EDITORIAL: The crisis of migrant children at U.S. border

June 9, 2014 

Hundreds of unaccompanied children are trying to cross the U.S. border to reunite with family already here illegally. More must be done by the federal government to confront this humanitarian crisis.

RICK SCUTERI — AP

President Barack Obama has ordered the federal government to respond to the massive numbers of unaccompanied children trying to cross the U.S.-Mexico border illegally, calling it an "urgent humanitarian crisis." Indeed, it is.

Thousands of children and babies, alone or with their mothers, are swarming into the U.S. along Texas' Rio Grande Valley. Many of them are coming from Central America, so many the U.S. doesn't know what to do with them all.
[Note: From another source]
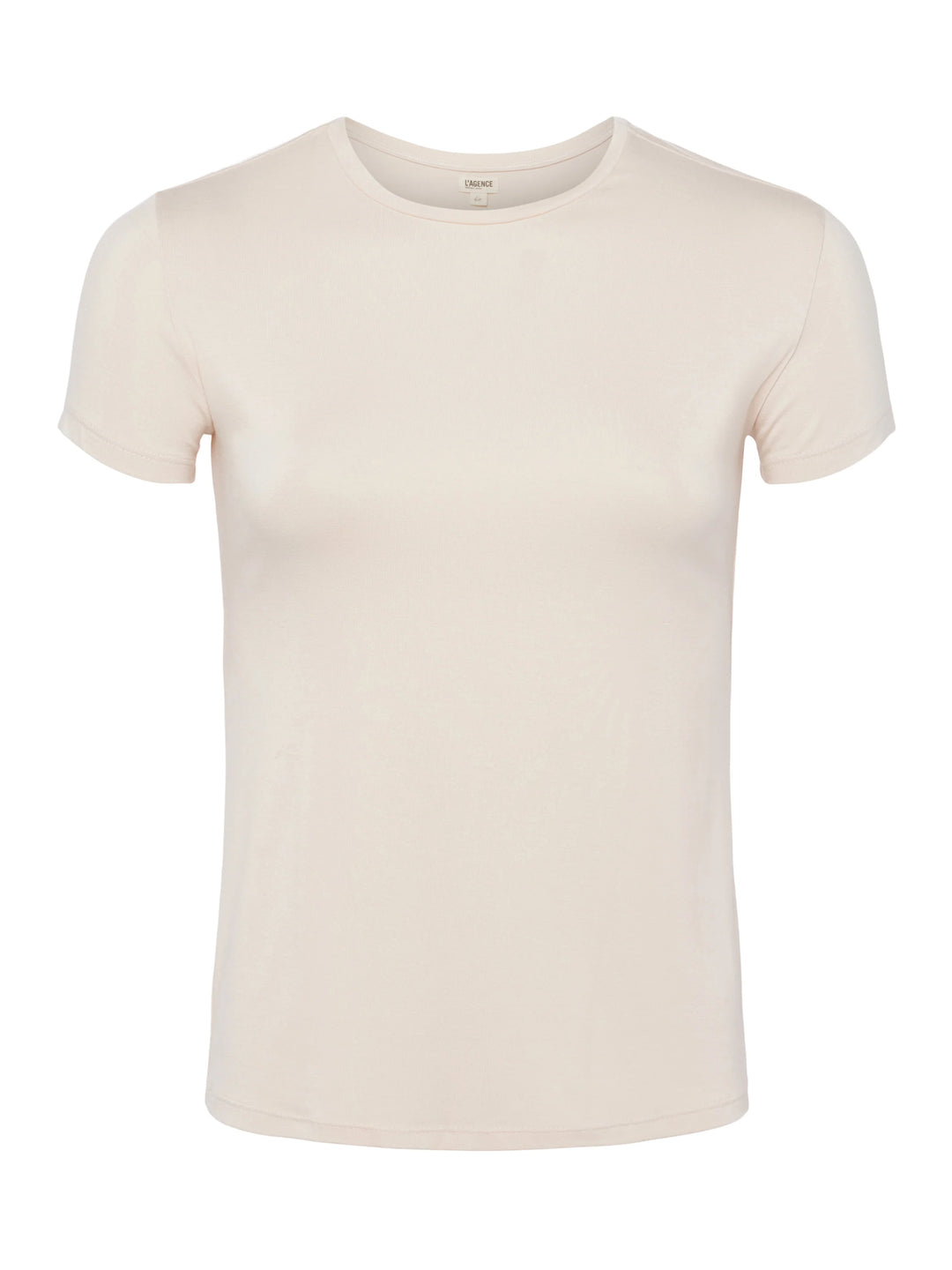 Ressi Slim-Fit Tee - Bisque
This is just part of the picture, however. The rest includes thousands, maybe millions more people south of the border trying to escape desperation and death.

Of course, that's been true for some time and doesn't explain a sudden surge -- from 13,625 in 2012 to 24,668 last year -- in children traveling north on their own. Homeland Security officials expect 90,000 unaccompanied minors to be detained by the border patrol this year. And those are just the kids caught; it doesn't include the many stranded alone in Mexico's dangerous border towns.

More likely, the migration is a result of ambivalent immigration policy that is sending mixed signals. While the Obama administration has deported a record 2 million people, it has also extended a compassionate arm to undocumented children. It's no surprise, then, that there's the belief in Central America that if kids can survive the treacherous journey and get across that border, they will be allowed to stay.

Obama did what he could by ordering the Department of Homeland Security to provide special services to the unaccompanied minors who were picked up by the U.S. Border Patrol. DHS Secretary Jeh Johnson has turned the job over to the Federal Emergency Management Agency. The children will be housed at least temporarily on military bases in Texas and in California at Port Hueneme in Ventura County.

The president's order isn't a solution at all, just a half-measure to deal with the immediate crisis. Without a clear policy from the U.S. and without pressure from the international community on countries from which the immigrants are fleeing, it will get worse. More families and children on their own will leave their homes for a dangerous journey during which they will be prey to human traffickers, criminals, disease and injury.

Where are the international aid groups, such as World Vision and Amnesty International? Where is the UN? Where are the celebrities who advocate for endangered children worldwide?

Sadly, it's hard for many of the champions of children to recognize a humanitarian crisis when it happens this close to home.